▼
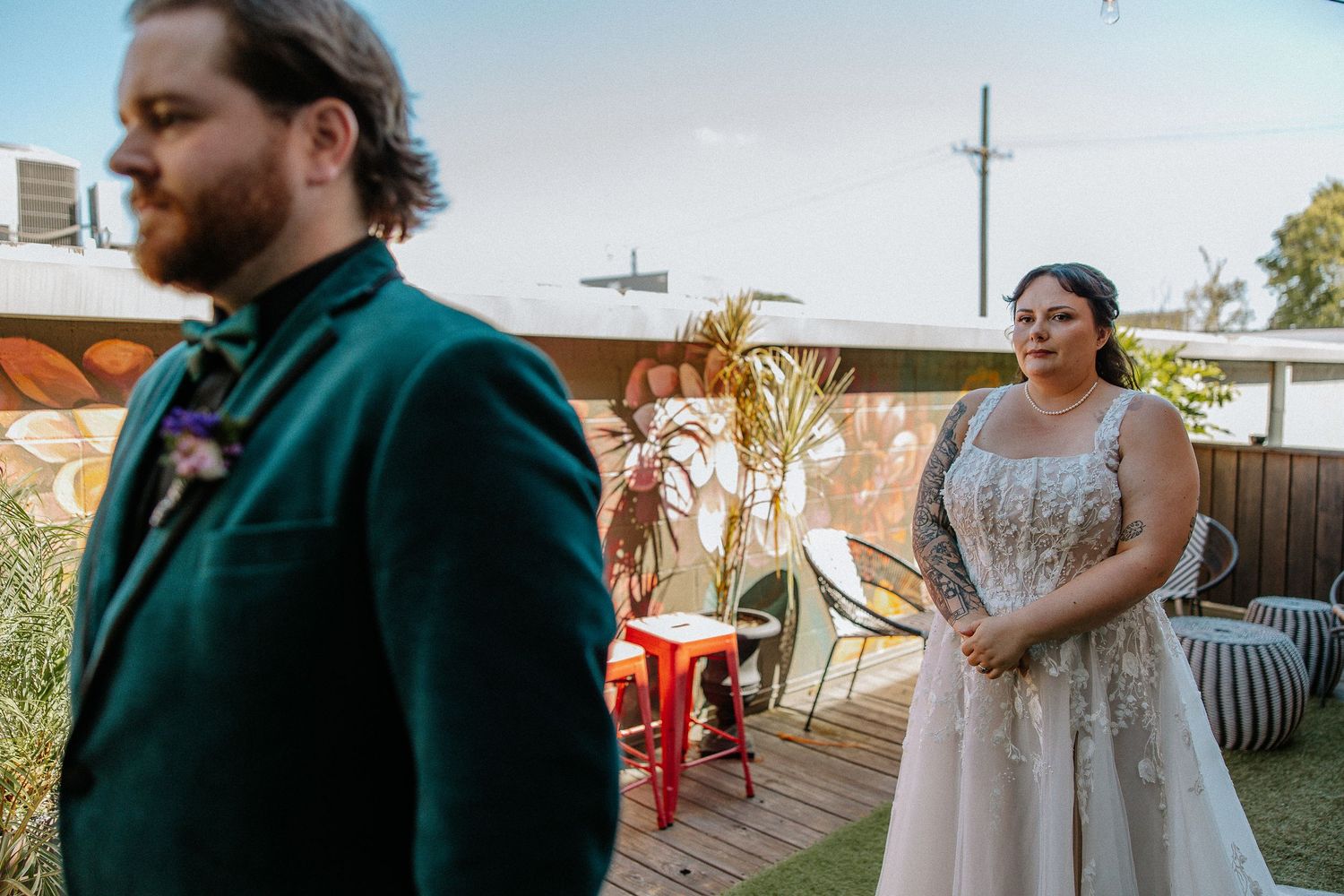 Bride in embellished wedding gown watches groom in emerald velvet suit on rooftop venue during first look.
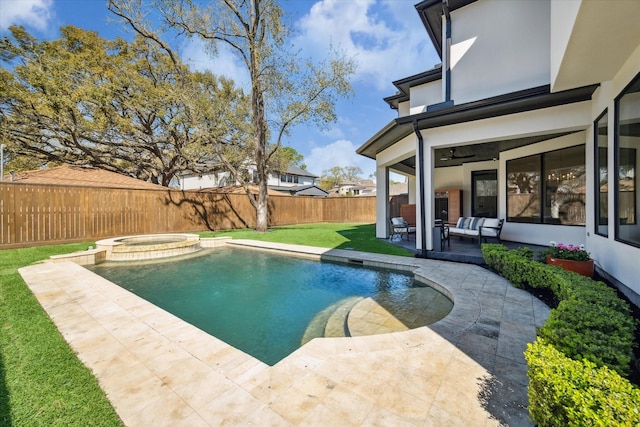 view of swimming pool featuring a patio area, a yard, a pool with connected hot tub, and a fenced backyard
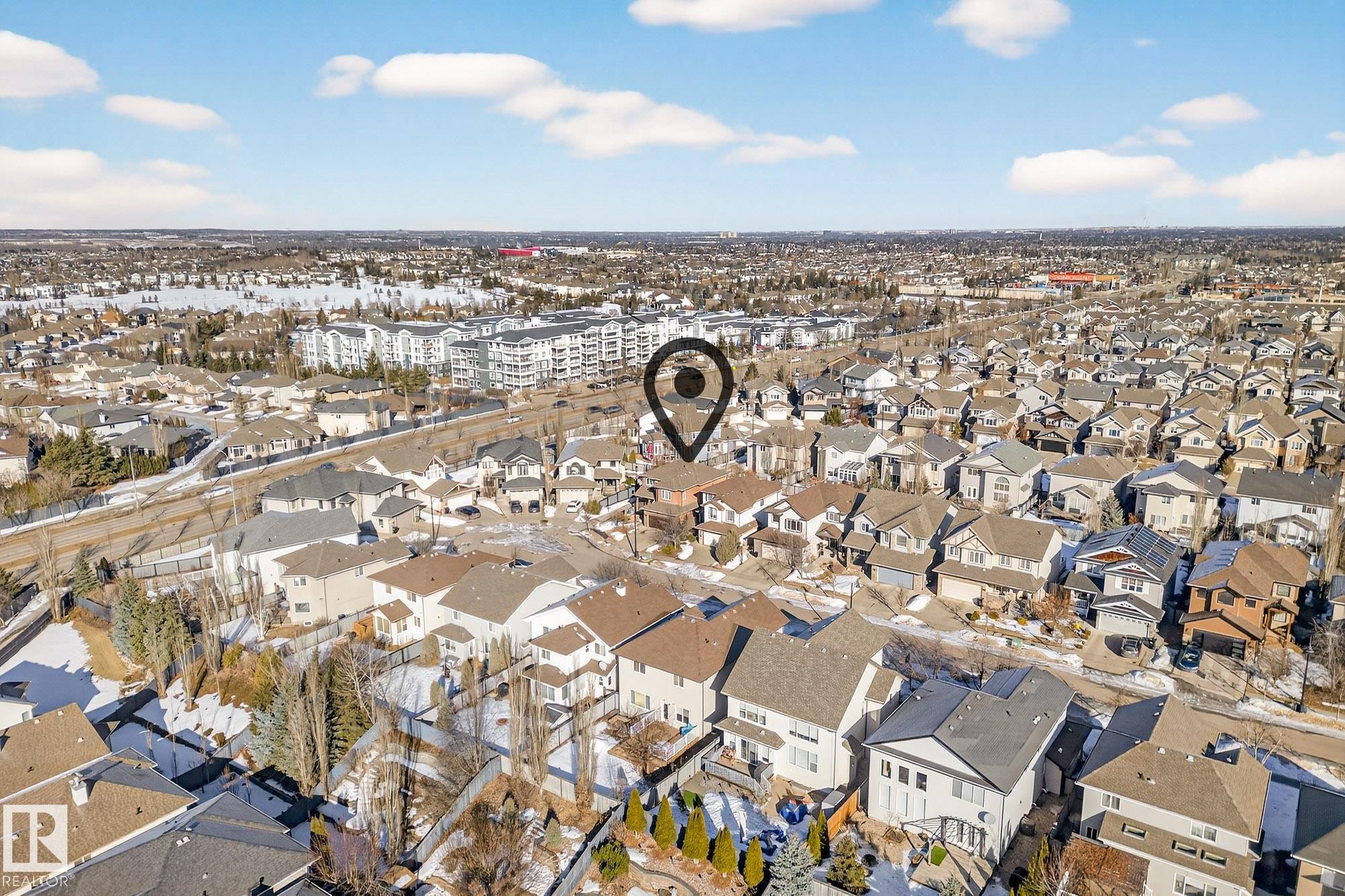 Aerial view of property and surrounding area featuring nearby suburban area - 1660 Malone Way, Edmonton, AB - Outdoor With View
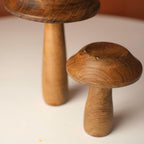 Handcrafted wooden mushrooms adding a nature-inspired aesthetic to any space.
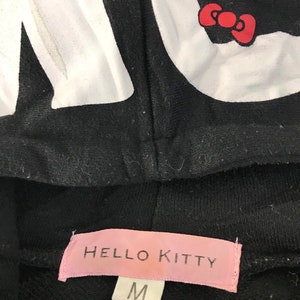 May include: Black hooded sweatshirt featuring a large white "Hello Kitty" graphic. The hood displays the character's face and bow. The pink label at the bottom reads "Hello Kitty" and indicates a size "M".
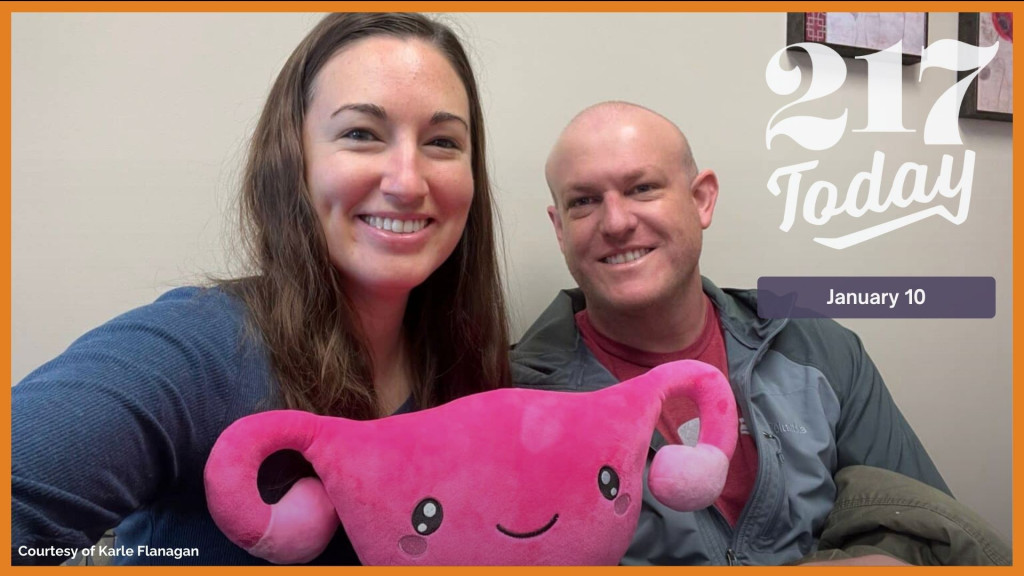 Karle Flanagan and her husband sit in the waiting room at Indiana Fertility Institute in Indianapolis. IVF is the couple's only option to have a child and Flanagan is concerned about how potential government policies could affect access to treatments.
▲
Exercise prompt: Pictures stay out; everything else in the records gets copied exactly.

Answer area:
 Bride in embellished wedding gown watches groom in emerald velvet suit on rooftop venue during first look.
 view of swimming pool featuring a patio area, a yard, a pool with connected hot tub, and a fenced backyard
 Aerial view of property and surrounding area featuring nearby suburban area - 1660 Malone Way, Edmonton, AB - Outdoor With View
 Handcrafted wooden mushrooms adding a nature-inspired aesthetic to any space.
 May include: Black hooded sweatshirt featuring a large white "Hello Kitty" graphic. The hood displays the character's face and bow. The pink label at the bottom reads "Hello Kitty" and indicates a size "M".
 Karle Flanagan and her husband sit in the waiting room at Indiana Fertility Institute in Indianapolis. IVF is the couple's only option to have a child and Flanagan is concerned about how potential government policies could affect access to treatments.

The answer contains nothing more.